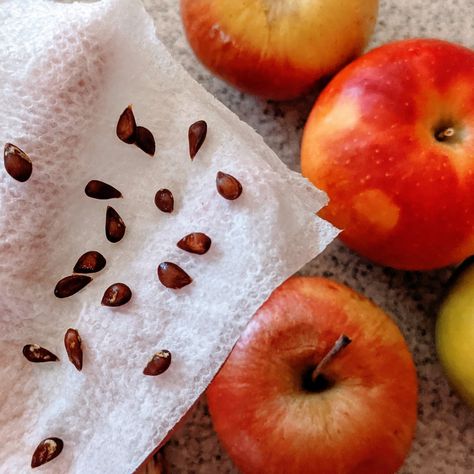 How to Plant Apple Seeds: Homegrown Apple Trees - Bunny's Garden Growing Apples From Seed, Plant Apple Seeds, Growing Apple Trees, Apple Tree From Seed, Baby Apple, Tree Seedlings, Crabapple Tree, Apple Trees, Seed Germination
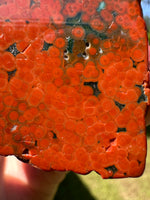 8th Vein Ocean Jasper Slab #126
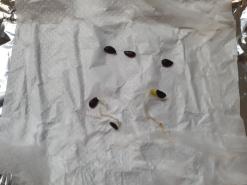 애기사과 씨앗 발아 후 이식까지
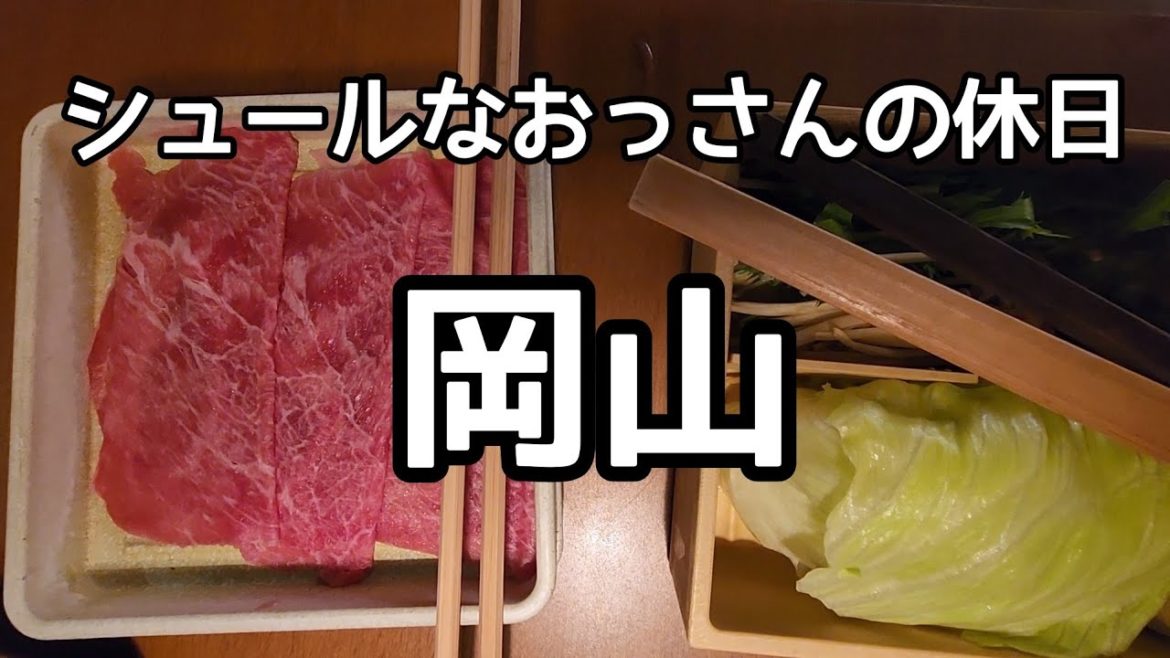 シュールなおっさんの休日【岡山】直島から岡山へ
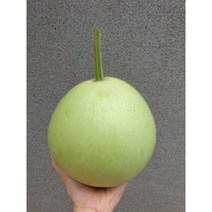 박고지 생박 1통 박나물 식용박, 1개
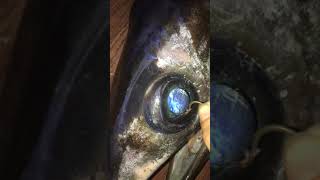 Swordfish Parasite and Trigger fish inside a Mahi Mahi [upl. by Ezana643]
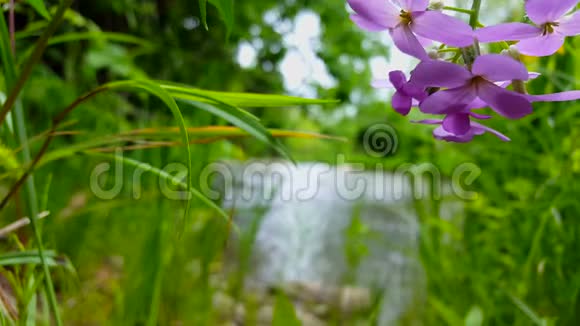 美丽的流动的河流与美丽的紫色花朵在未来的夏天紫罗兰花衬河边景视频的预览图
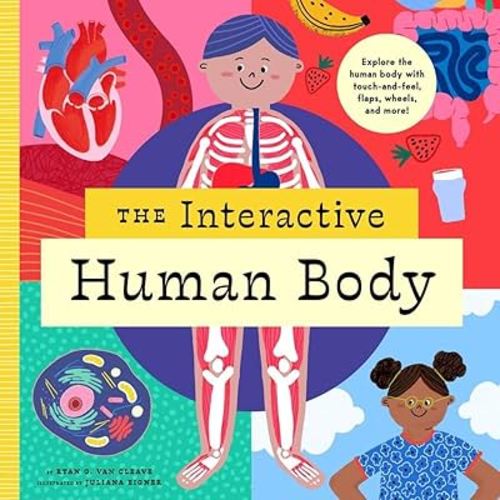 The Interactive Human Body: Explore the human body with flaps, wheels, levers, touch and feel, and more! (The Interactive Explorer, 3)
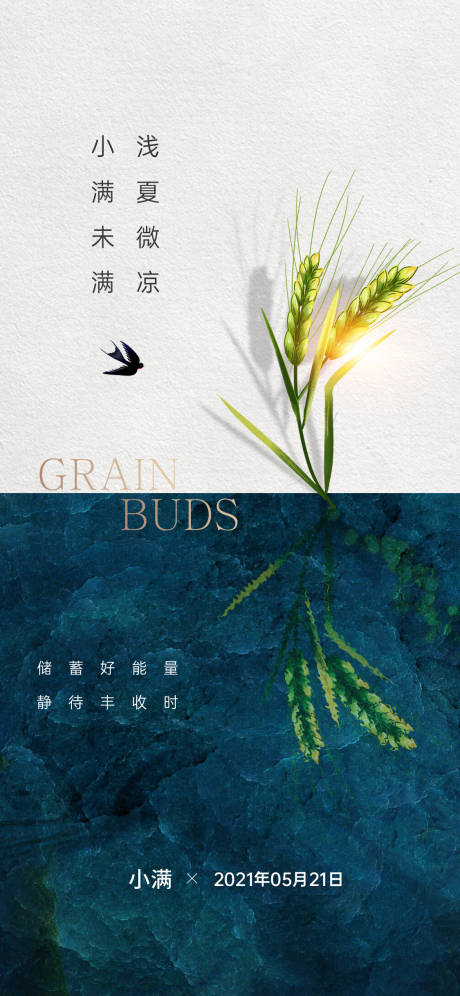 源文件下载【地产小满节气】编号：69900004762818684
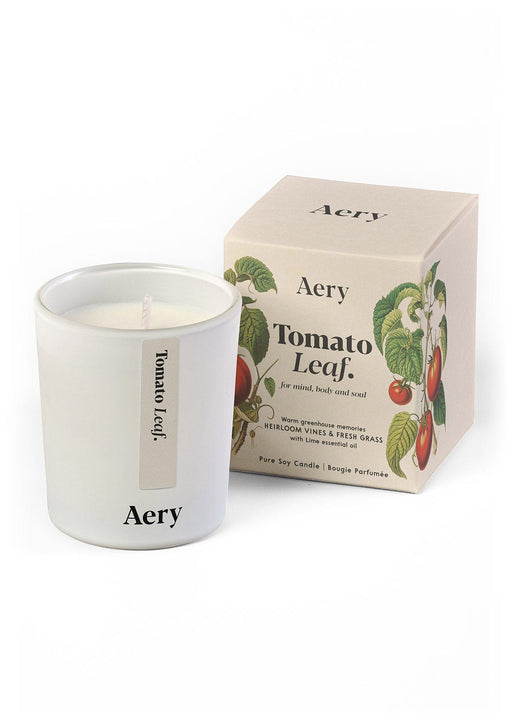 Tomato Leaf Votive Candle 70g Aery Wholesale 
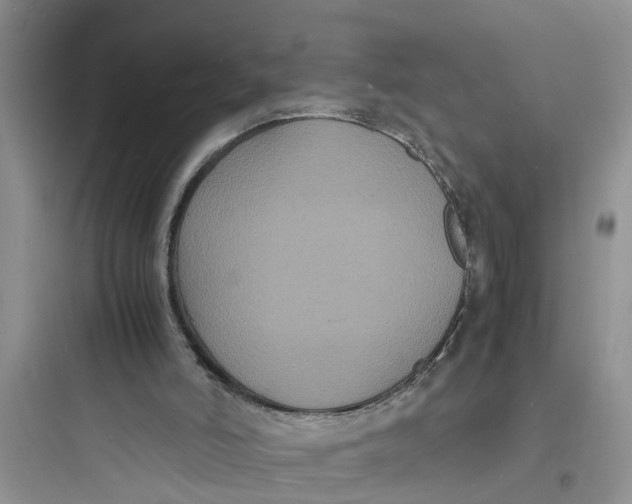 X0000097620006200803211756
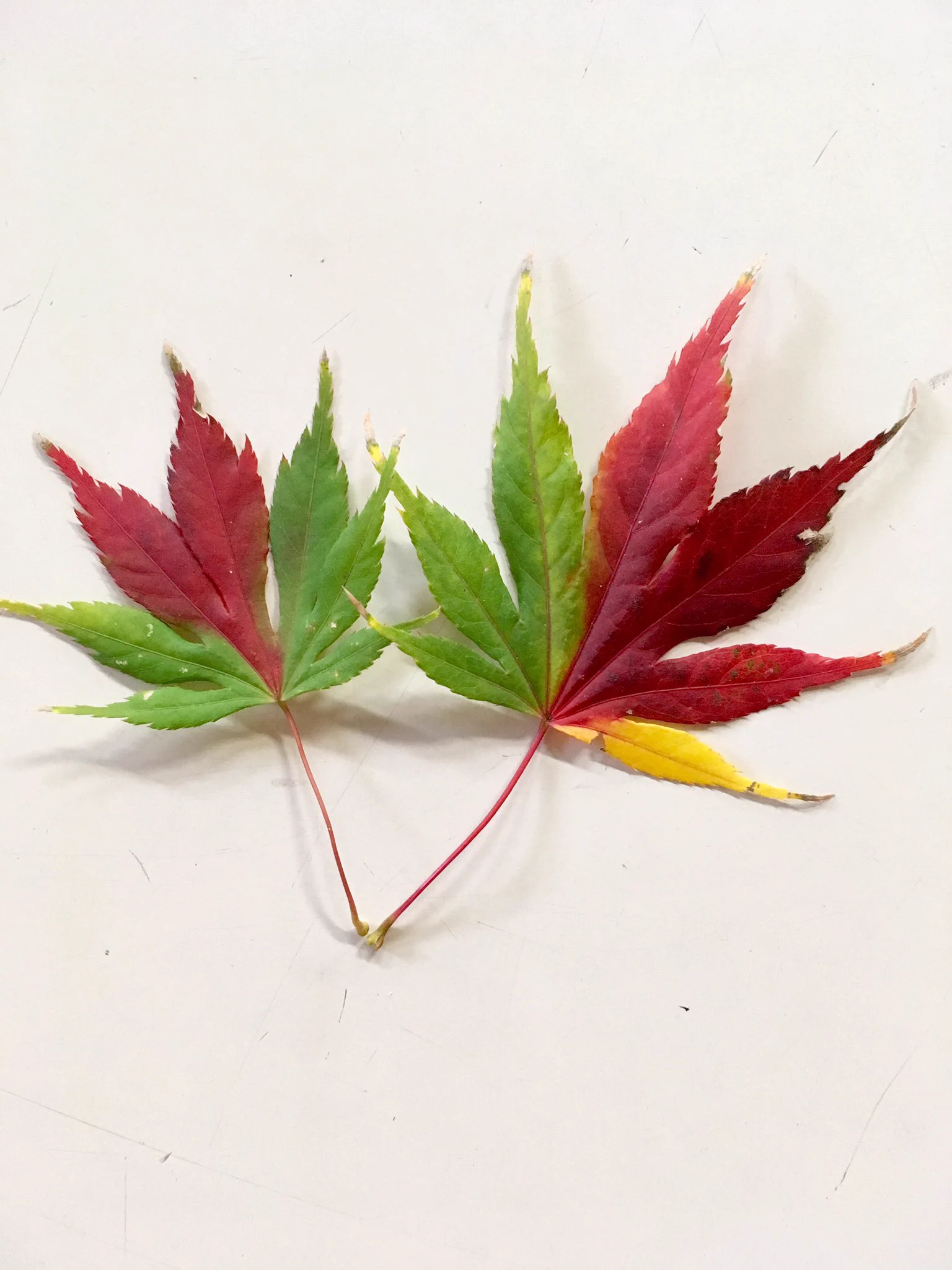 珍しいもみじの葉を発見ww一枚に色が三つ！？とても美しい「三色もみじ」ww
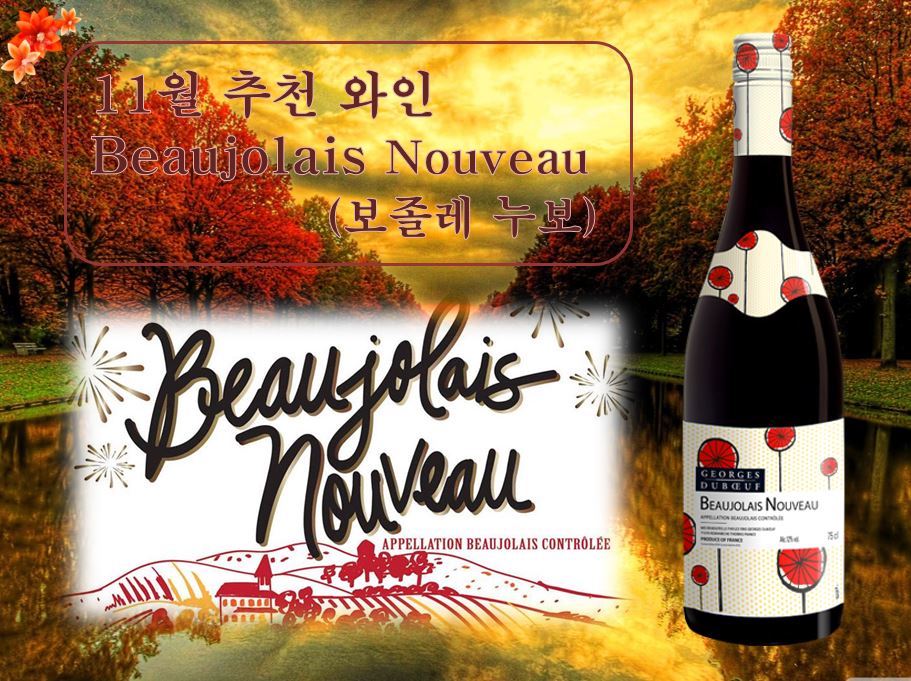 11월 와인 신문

**Task prompt:**
The lines from the one with "X0000097620006200803211756" to the end of the data above should be retyped exactly, both ends included, and pictures are to be left out.

**Result:**
 X0000097620006200803211756
 珍しいもみじの葉を発見ww一枚に色が三つ！？とても美しい「三色もみじ」ww
 11월 와인 신문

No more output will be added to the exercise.